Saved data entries
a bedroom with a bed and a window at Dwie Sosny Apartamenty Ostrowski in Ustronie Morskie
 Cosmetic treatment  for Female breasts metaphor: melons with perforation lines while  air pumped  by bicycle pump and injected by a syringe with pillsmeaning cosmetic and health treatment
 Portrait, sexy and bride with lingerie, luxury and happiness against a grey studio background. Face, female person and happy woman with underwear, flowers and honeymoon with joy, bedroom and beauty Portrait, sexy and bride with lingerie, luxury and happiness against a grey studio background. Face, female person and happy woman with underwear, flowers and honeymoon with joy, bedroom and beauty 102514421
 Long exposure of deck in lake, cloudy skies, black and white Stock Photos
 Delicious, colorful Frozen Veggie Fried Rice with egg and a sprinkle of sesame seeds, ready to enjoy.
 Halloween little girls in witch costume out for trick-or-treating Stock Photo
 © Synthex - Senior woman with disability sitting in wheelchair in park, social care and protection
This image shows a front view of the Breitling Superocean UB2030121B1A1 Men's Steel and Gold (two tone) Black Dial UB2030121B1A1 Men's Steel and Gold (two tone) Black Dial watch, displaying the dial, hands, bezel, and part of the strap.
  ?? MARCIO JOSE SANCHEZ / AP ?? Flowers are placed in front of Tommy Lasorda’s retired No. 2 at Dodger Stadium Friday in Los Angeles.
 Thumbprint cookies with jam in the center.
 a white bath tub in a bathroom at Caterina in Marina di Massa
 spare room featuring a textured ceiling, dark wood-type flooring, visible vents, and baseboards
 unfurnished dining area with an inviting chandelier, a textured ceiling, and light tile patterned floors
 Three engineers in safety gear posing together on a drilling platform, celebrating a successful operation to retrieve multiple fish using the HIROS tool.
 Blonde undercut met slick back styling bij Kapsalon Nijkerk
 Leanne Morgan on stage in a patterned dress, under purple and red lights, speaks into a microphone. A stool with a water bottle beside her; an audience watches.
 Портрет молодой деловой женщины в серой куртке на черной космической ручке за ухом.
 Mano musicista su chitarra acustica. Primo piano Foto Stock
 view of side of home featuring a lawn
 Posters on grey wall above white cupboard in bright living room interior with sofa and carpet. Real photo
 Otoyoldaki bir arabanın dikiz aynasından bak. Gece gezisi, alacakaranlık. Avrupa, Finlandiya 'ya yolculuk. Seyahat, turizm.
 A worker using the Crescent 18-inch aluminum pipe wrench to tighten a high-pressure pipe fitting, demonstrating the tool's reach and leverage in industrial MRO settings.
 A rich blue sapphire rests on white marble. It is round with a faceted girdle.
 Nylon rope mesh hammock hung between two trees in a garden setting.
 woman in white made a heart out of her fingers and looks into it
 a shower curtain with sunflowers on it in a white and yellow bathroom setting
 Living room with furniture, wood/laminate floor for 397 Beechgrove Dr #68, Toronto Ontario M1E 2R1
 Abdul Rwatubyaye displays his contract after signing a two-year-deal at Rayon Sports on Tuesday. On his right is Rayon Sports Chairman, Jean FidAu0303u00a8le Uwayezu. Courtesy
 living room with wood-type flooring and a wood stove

**Exercise requirements:** Output the records exactly.

**Answer to the exercise:**
a bedroom with a bed and a window at Dwie Sosny Apartamenty Ostrowski in Ustronie Morskie
 Cosmetic treatment  for Female breasts metaphor: melons with perforation lines while  air pumped  by bicycle pump and injected by a syringe with pillsmeaning cosmetic and health treatment
 Portrait, sexy and bride with lingerie, luxury and happiness against a grey studio background. Face, female person and happy woman with underwear, flowers and honeymoon with joy, bedroom and beauty Portrait, sexy and bride with lingerie, luxury and happiness against a grey studio background. Face, female person and happy woman with underwear, flowers and honeymoon with joy, bedroom and beauty 102514421
 Long exposure of deck in lake, cloudy skies, black and white Stock Photos
 Delicious, colorful Frozen Veggie Fried Rice with egg and a sprinkle of sesame seeds, ready to enjoy.
 Halloween little girls in witch costume out for trick-or-treating Stock Photo
 © Synthex - Senior woman with disability sitting in wheelchair in park, social care and protection
This image shows a front view of the Breitling Superocean UB2030121B1A1 Men's Steel and Gold (two tone) Black Dial UB2030121B1A1 Men's Steel and Gold (two tone) Black Dial watch, displaying the dial, hands, bezel, and part of the strap.
  ?? MARCIO JOSE SANCHEZ / AP ?? Flowers are placed in front of Tommy Lasorda’s retired No. 2 at Dodger Stadium Friday in Los Angeles.
 Thumbprint cookies with jam in the center.
 a white bath tub in a bathroom at Caterina in Marina di Massa
 spare room featuring a textured ceiling, dark wood-type flooring, visible vents, and baseboards
 unfurnished dining area with an inviting chandelier, a textured ceiling, and light tile patterned floors
 Three engineers in safety gear posing together on a drilling platform, celebrating a successful operation to retrieve multiple fish using the HIROS tool.
 Blonde undercut met slick back styling bij Kapsalon Nijkerk
 Leanne Morgan on stage in a patterned dress, under purple and red lights, speaks into a microphone. A stool with a water bottle beside her; an audience watches.
 Портрет молодой деловой женщины в серой куртке на черной космической ручке за ухом.
 Mano musicista su chitarra acustica. Primo piano Foto Stock
 view of side of home featuring a lawn
 Posters on grey wall above white cupboard in bright living room interior with sofa and carpet. Real photo
 Otoyoldaki bir arabanın dikiz aynasından bak. Gece gezisi, alacakaranlık. Avrupa, Finlandiya 'ya yolculuk. Seyahat, turizm.
 A worker using the Crescent 18-inch aluminum pipe wrench to tighten a high-pressure pipe fitting, demonstrating the tool's reach and leverage in industrial MRO settings.
 A rich blue sapphire rests on white marble. It is round with a faceted girdle.
 Nylon rope mesh hammock hung between two trees in a garden setting.
 woman in white made a heart out of her fingers and looks into it
 a shower curtain with sunflowers on it in a white and yellow bathroom setting
 Living room with furniture, wood/laminate floor for 397 Beechgrove Dr #68, Toronto Ontario M1E 2R1
 Abdul Rwatubyaye displays his contract after signing a two-year-deal at Rayon Sports on Tuesday. On his right is Rayon Sports Chairman, Jean FidAu0303u00a8le Uwayezu. Courtesy
 living room with wood-type flooring and a wood stove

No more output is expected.